The interface takes some getting used to, since right and left click do different things depending on context. Normally, left click is "select" while right click is "move to this point". However, sometimes right click is cancel (Esc is always cancel), and sometimes left click is "finish action" or "perform action" instead of select. The hot keys for skills also change, depending on what skills you have and what weapon you are using. So, sometimes the key for “Overwatch” will be 2, but sometimes it is 3 or whatever, which can be very frustrating. There is a “confirm” for all non-move actions, so it’s not too terrible. The camera controls feel clunky, and "mouse move" can be almost detrimental. I dislike the "move cursor to edge of screen to move the camera" style controls, but it just takes some adjustment to this style.
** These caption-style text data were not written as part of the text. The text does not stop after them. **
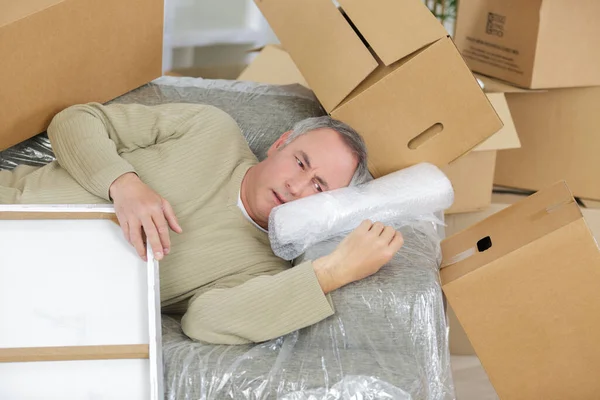 Hombre Descansando Empacar — Foto de Stock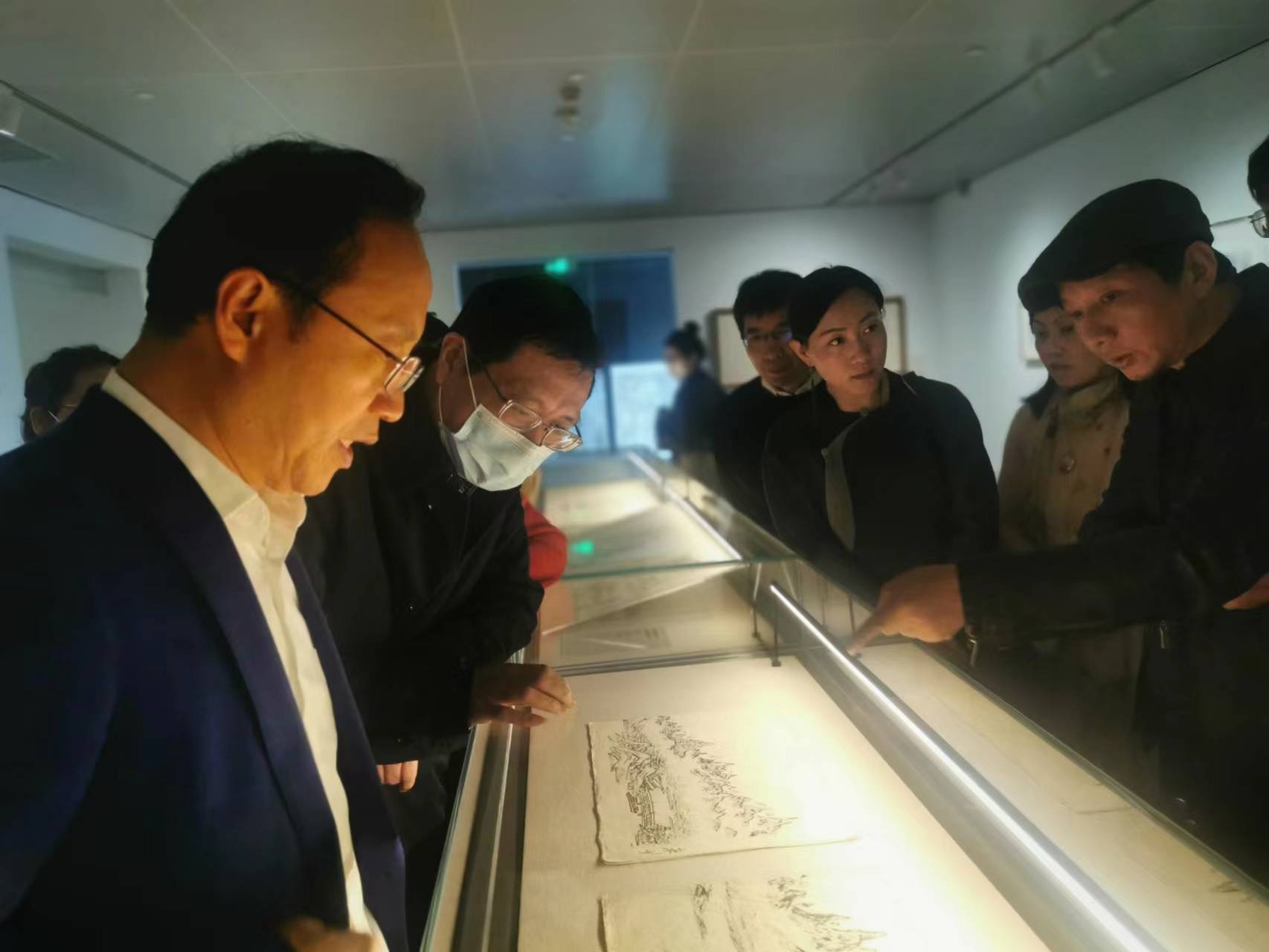 一群人站在桌子边中度可信度描述已自动生成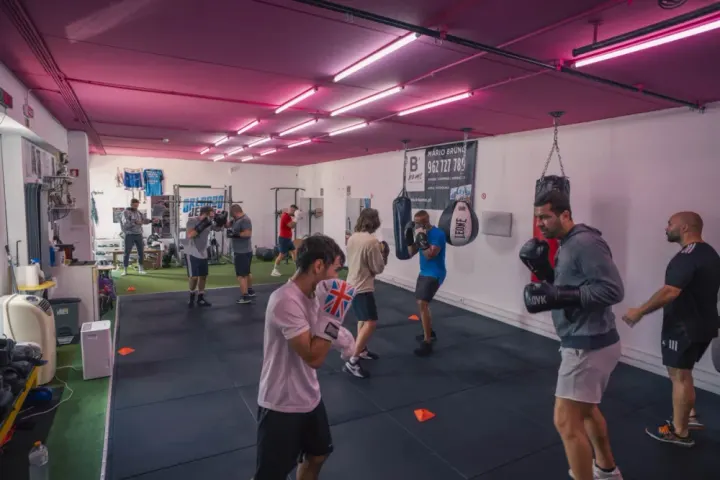 Dr. Bernard Wellness — Recuperação em Almada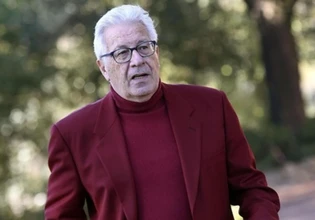 Πέθανε ο γνωστός Ιταλός τραγουδιστής Πεπίνο Ντι Κάπρι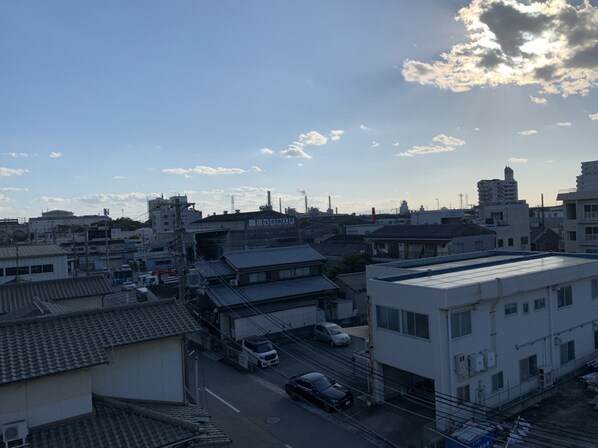 ヴィラ・ソレイユの物件内観写真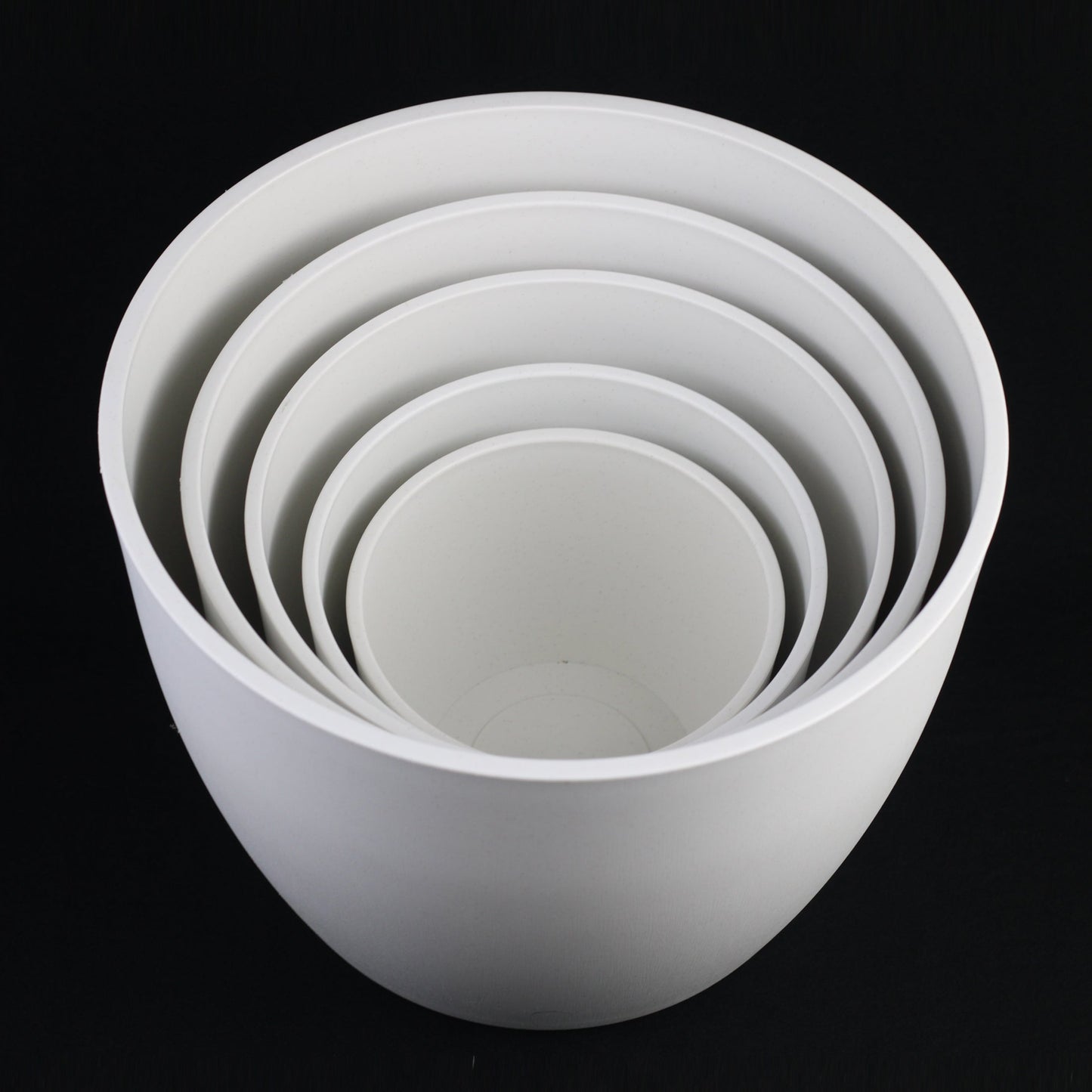 5-Piece White Plastic Planter Pot Set – Modern Round Design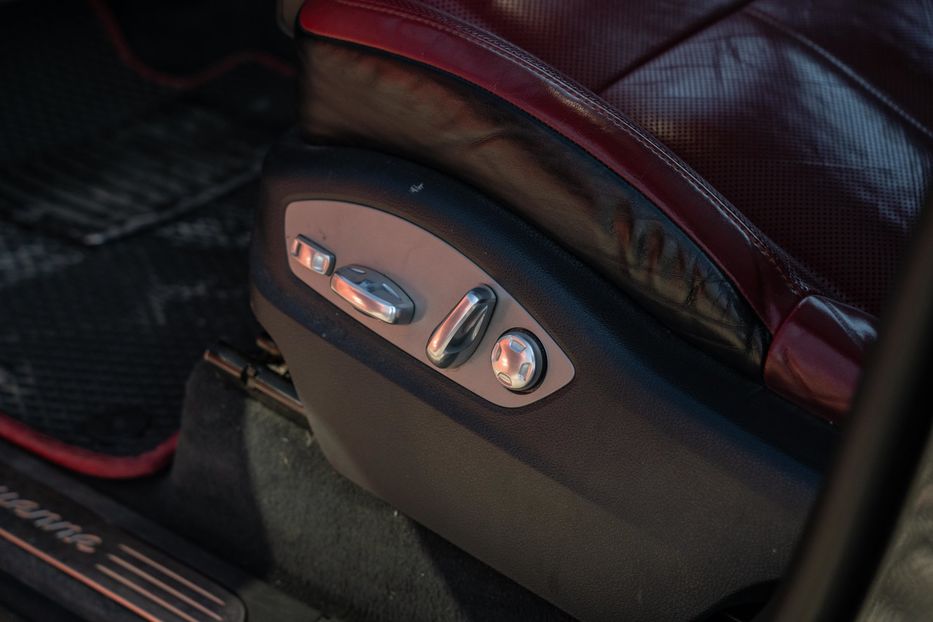 Продам Porsche Cayenne 2015 года в Черновцах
There is a multiplayer mode, which I’ve only just barely played around with. Multiplayer is 1v1 tactical engagements, with each player building a squad of up to six units, using a point buy system. The creator of the game sets the point limit, the amount of time each player has to take a turn, the map, and if the game is Public or not. My one and only engagement ended quickly when my badass sniper got mind controlled by the other person’s crazy strong Etheriel, and shot the crap out of my scout. One thing, there are NOT a lot of games being played right now, so the multiplayer action is pretty thin. It took me 20 minutes to get my one game going, and it lasted all of 5 minutes.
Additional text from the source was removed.